Stored data entries
*** Begin section ***
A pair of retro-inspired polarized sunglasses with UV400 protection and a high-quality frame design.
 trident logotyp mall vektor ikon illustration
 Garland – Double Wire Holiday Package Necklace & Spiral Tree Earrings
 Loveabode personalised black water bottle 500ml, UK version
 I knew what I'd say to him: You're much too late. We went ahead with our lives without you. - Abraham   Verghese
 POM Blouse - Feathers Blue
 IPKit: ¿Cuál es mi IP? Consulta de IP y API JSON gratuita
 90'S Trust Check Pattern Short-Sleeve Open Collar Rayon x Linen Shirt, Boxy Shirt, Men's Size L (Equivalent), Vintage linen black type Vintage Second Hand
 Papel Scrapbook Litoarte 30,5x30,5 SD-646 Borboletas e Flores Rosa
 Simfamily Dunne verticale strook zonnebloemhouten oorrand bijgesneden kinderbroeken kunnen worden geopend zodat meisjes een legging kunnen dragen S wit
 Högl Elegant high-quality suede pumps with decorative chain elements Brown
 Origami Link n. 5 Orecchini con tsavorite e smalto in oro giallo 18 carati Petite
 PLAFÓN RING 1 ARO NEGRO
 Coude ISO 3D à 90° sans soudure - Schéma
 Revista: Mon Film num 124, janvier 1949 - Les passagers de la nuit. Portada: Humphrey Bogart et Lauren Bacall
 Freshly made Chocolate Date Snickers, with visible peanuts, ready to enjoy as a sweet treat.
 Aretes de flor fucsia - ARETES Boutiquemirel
*** End section ***
WHAT YOU NEED TO DO
Write out each entry again, leaving every word as it is.

ANSWER BOX
A pair of retro-inspired polarized sunglasses with UV400 protection and a high-quality frame design.
 trident logotyp mall vektor ikon illustration
 Garland – Double Wire Holiday Package Necklace & Spiral Tree Earrings
 Loveabode personalised black water bottle 500ml, UK version
 I knew what I'd say to him: You're much too late. We went ahead with our lives without you. - Abraham   Verghese
 POM Blouse - Feathers Blue
 IPKit: ¿Cuál es mi IP? Consulta de IP y API JSON gratuita
 90'S Trust Check Pattern Short-Sleeve Open Collar Rayon x Linen Shirt, Boxy Shirt, Men's Size L (Equivalent), Vintage linen black type Vintage Second Hand
 Papel Scrapbook Litoarte 30,5x30,5 SD-646 Borboletas e Flores Rosa
 Simfamily Dunne verticale strook zonnebloemhouten oorrand bijgesneden kinderbroeken kunnen worden geopend zodat meisjes een legging kunnen dragen S wit
 Högl Elegant high-quality suede pumps with decorative chain elements Brown
 Origami Link n. 5 Orecchini con tsavorite e smalto in oro giallo 18 carati Petite
 PLAFÓN RING 1 ARO NEGRO
 Coude ISO 3D à 90° sans soudure - Schéma
 Revista: Mon Film num 124, janvier 1949 - Les passagers de la nuit. Portada: Humphrey Bogart et Lauren Bacall
 Freshly made Chocolate Date Snickers, with visible peanuts, ready to enjoy as a sweet treat.
 Aretes de flor fucsia - ARETES Boutiquemirel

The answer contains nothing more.